There are evaluation components and metrics that are far more dynamic than G.D.P.

In Wales, planned public sector projects are evaluated and appraised by the Future Generations Commissioner, who is mandated to make recommendations based on impacts on the not-yet-born.

In New Zealand, the government launched the first “well-being budget” in 2019. The Genuine Progress Indicator attempts to separate environmental and social costs from benefits, to value household and volunteer work, and to adjust for inequality.

If a mixture of these kinds of evaluative approaches was emboldened and embraced, then we would possibly have a better indication of the real direct and indirect implications to society of something like labor within a household.

Because of Covid, we are now far more keenly aware of the value of both formal and informal child care services. Covid has forced women to drop out of the labor market at much higher rates than men, with women being the default manager of household and family activities. Household labor, cleaning, caring and child-minding has tremendous spillover effects, but we have not done a sufficient job in mapping that, articulating and valuing these activities.

Given the increasing economic inequality around the world, is it fair to assume that capitalism is fundamentally incompatible with feminism?

Today’s capitalism is incompatible with feminism. Private companies are driven by shareholder mandates that do not inherently align with feminist and intersectional priorities — and it is these companies which are viewed as the most innovative, and the most valuable.

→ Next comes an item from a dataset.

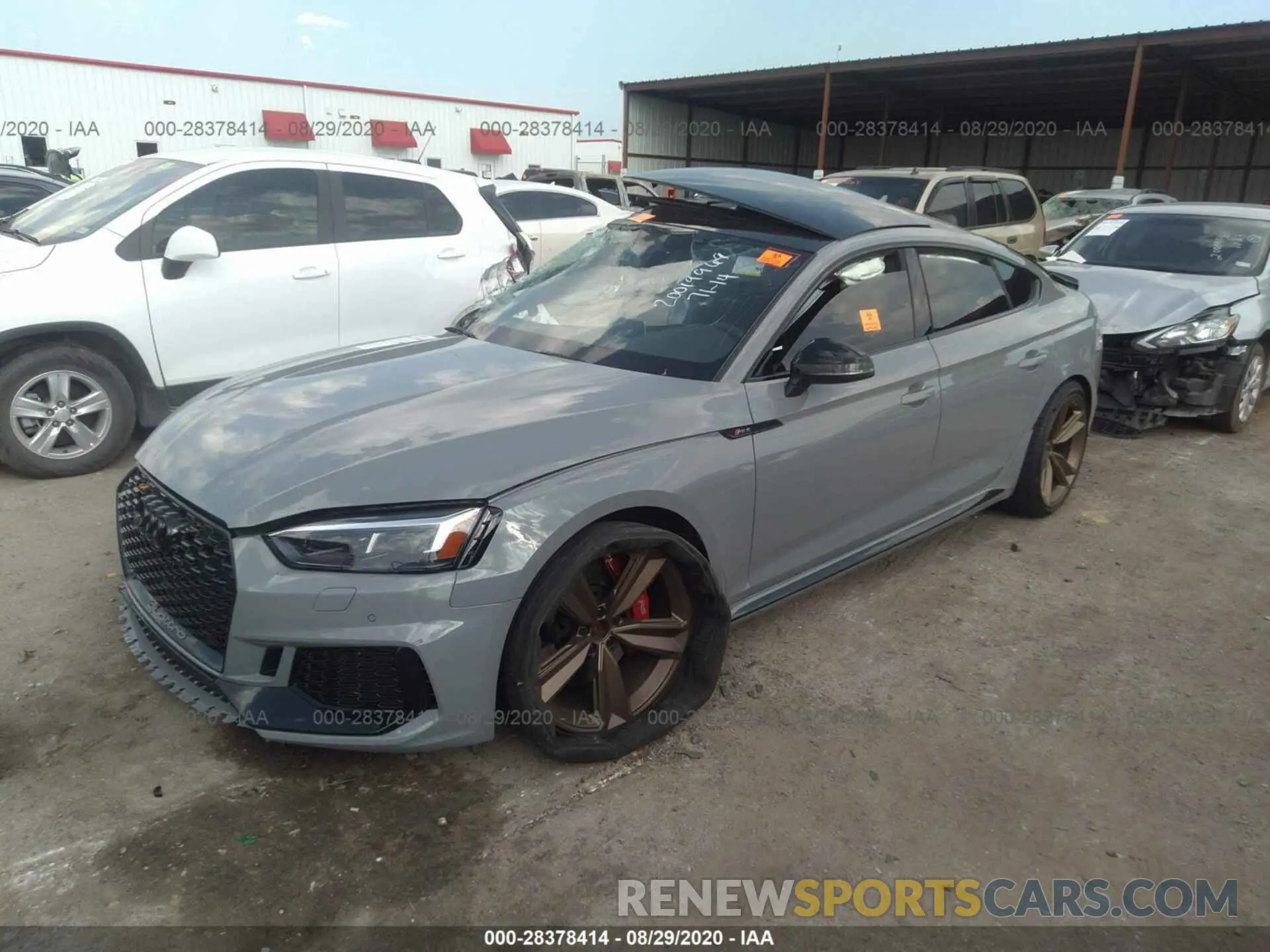 2 fotografías del automóvil dañado WUABWCF51KA907433 AUDI RS 5 SPORTBACK 2019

But history tells us that innovation is an outcome of a massive collective effort — not just from a narrow group of young white men in California. If we want to solve the world’s biggest problems, we need to understand and challenge this.

Movements to resituate and recognize women in innovation are growing — and we can see this in films like “Hidden Figures,” which recognizes the Black women at the heart of the space race, and campaigns like Jess Wade’s Women in STEM Wikipedia movement.

There is much more to do to understand and recognize the impact of innovation coming out of the Global South — I am fascinated by the successes of states like Kerala in the Covid crisis, where long-term state investment in health was supported by a rapid lockdown, aggressive contact tracing and extensive mental health services, which have reached over 11.5 million people. And all this coordinated by an impressive female leader — K. K. Shailaja, the minister of health and social welfare.

A statement last year from a group of almost 200 chief executives of the world’s biggest companies focused on investing in employees and customers, not just shareholders. Is that bold enough?

I often say that it is time for companies to “walk the walk” as well as talking the talk. Last year, the mantra at Davos was “stakeholder, not shareholder capitalism” — what has happened to this sense of solidarity during the Covid crisis? The world’s largest companies have become larger — especially in the tech sector, which sees itself as a beacon of innovation, but does not honor its social compact with the society in which it is situated by, for example, paying fair wages, treating workers fairly or declaring taxes.

Of course, companies could be doing more. But markets infrequently find this direction on their own.

In a recent article for Time magazine, you imagined the world in 2023. Tell us more.

I imagine a 2023 where we have not only beaten Covid, but used the recovery process as an inflection point toward a new world which is greener, more inclusive and more sustainable, fueled by smart innovation-led economic growth. This starts with public movements driving government bailouts to be conditional on maintaining payroll, securing minimum wage, halting stock buybacks, and ensuring worker representation on boards — aligning company goals with worker goals. This dream extends to health care, which is notoriously inequitable. In my vision, bold conditions were placed on the governance of intellectual property, pricing and manufacturing of Covid-19 treatments and vaccines to ensure the therapies were both affordable and universally accessible.